- Task inputs:
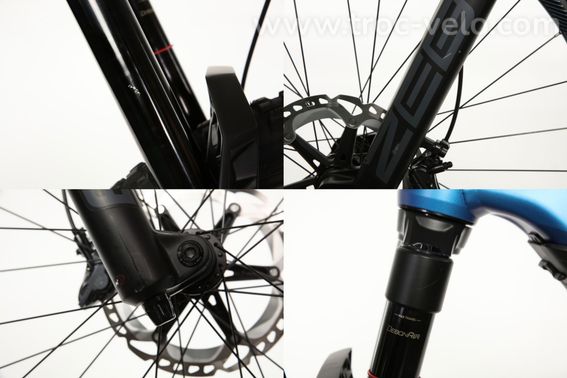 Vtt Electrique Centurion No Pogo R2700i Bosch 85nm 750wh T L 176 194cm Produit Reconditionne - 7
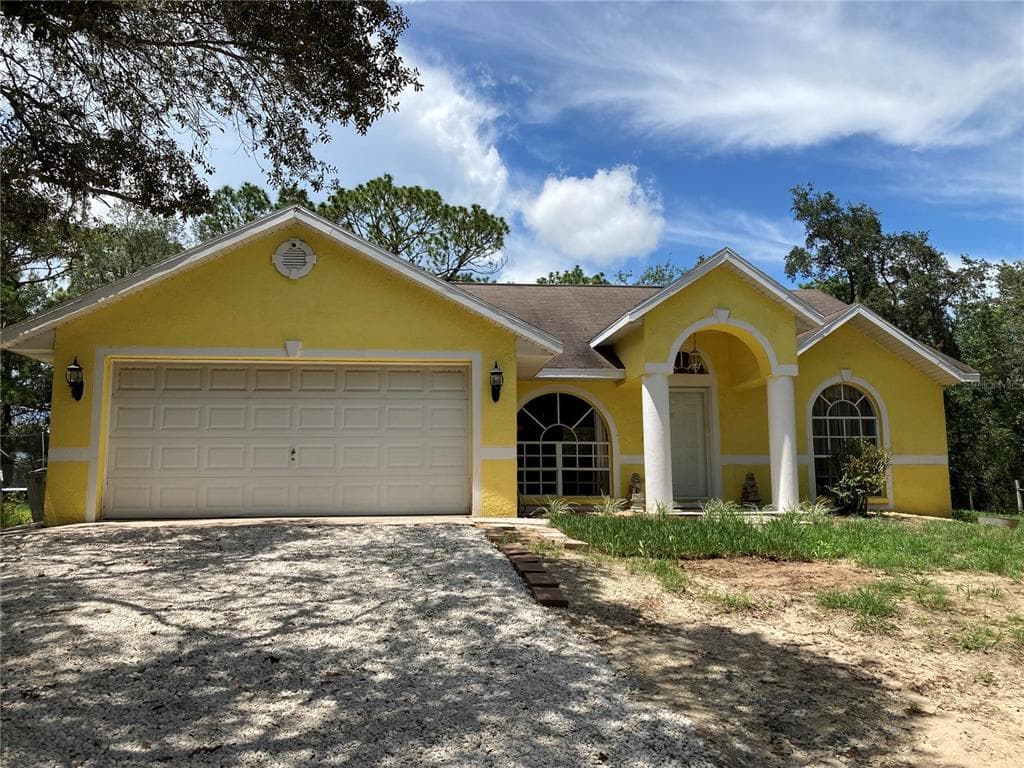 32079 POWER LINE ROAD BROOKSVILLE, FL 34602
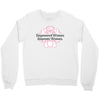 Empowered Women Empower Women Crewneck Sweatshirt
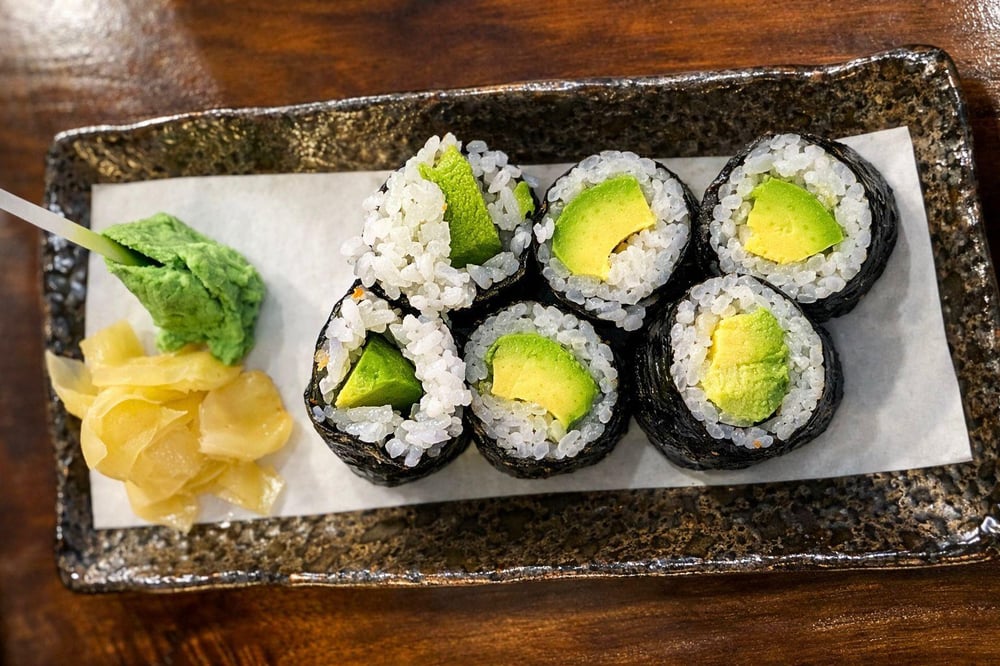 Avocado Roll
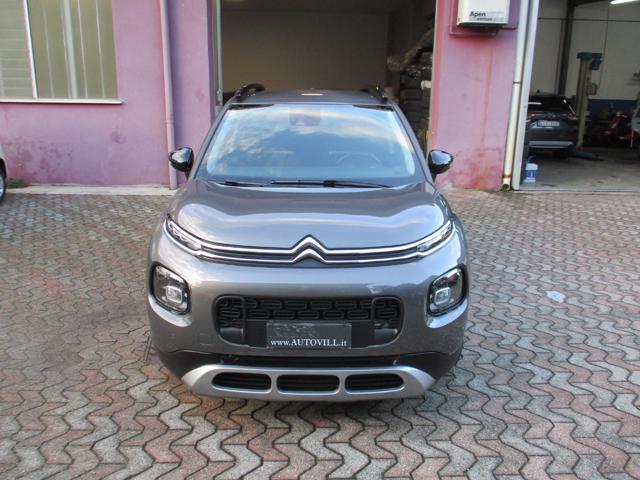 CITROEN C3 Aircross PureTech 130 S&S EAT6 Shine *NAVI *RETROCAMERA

- Task description: Give back each line above exactly, with pictures dropped.

- Answer to the problem:
 Vtt Electrique Centurion No Pogo R2700i Bosch 85nm 750wh T L 176 194cm Produit Reconditionne - 7
 32079 POWER LINE ROAD BROOKSVILLE, FL 34602
 Empowered Women Empower Women Crewneck Sweatshirt
 Avocado Roll
 CITROEN C3 Aircross PureTech 130 S&S EAT6 Shine *NAVI *RETROCAMERA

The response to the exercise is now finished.